179/365: Holiday in Handcuffs (2007)
A struggling artist working as waitress kidnaps one of her customers to bring home and meet her parents at Christmas.
Director: Ron Underwood
Writer: Sara Endsley
Stars: Melissa Joan Hart, Mario Lopez and Timothy Bottoms
This was exactly what I hoped and expected. A feel good family friendly TV movie. I adore Melissa Joan Hart, and Mario Lopez will always be Slater to me, so I’m basically the target audience. This was exactly what I wanted in the Christmas season. It was no great work of art, but I don’t know who watches it for that purpose. It was sweet and cute and I enjoyed it.
178/365: Django Unchained (2012)
With the help of his mentor, a slave-turned-bounty hunter sets out to rescue his wife from a brutal Mississippi plantation owner.
Director: Quentin Tarantino
Writer: Quentin Tarantino
Stars: Jamie Foxx, Don Johnson and Leonardo DiCaprio
I can’t say enough for this movie. It’s one of the best ones I’ve seen in a long time! Ordinarily, one of my favorite things about Tarantino is his strong female characters, but because of the time period of this film, that wasn’t really possible, so I did miss that a bit, but not much. It would’ve been unrealistic, I guess. Anyway, Christoph Waltz is freaking amazing! He always is, but he kicked butt in this. The story is so complex and twists around, and I really felt like I’d been taken on a journey by the time it ended. I was exhausted!
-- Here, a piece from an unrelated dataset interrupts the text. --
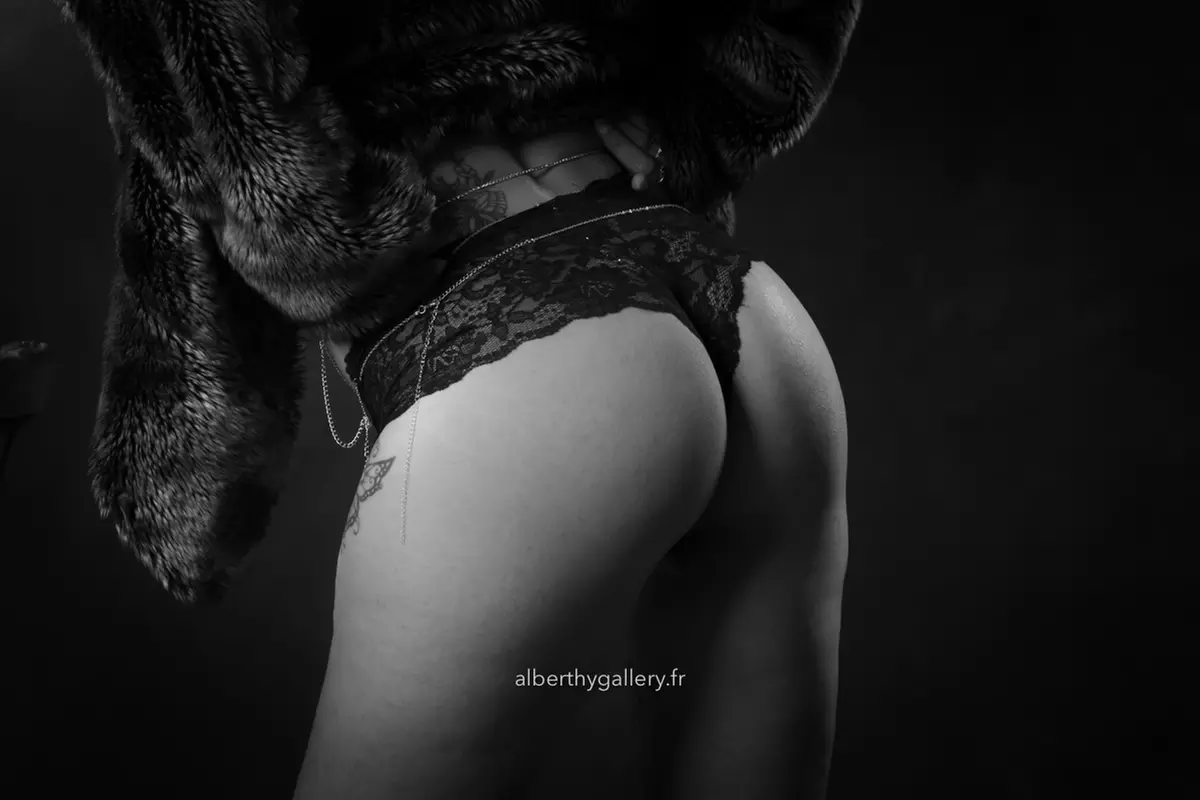 Séances photos "boudoir" intimes estime de soi et mise en valeur avec Alberthy Gallery (jusqu'à 81% de remise)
Such a great movie. It reminded me of High Noon, but that may have just been because that is one of the only Westerns I love, because I don’t really see any other similarities. Seriously, everyone should go see this movie when it’s out. It’s typically Tarantino in many ways, but in my opinion, they’re all good! In addition, there are also some very touching moments. Absolutely loved this movie.
177/365: The Little Girl Who Lives Down the Lane
A lone 13-year-old resorts to murder to protect her haven.
Director: Nicolas Gessner
Writers: Laird Koenig (novel), Laird Koenig (screenplay)
Stars: Jodie Foster, Martin Sheen and Alexis Smith
What a bizarre movie! I still don’t totally know how I feel about it. I thought I had worked it out, but I hadn’t really. Jodie Foster is great in it and it was a really interesting, and different watch, although rather disturbing. I don’t want to give anything away, but it was pretty entertaining in its weirdness.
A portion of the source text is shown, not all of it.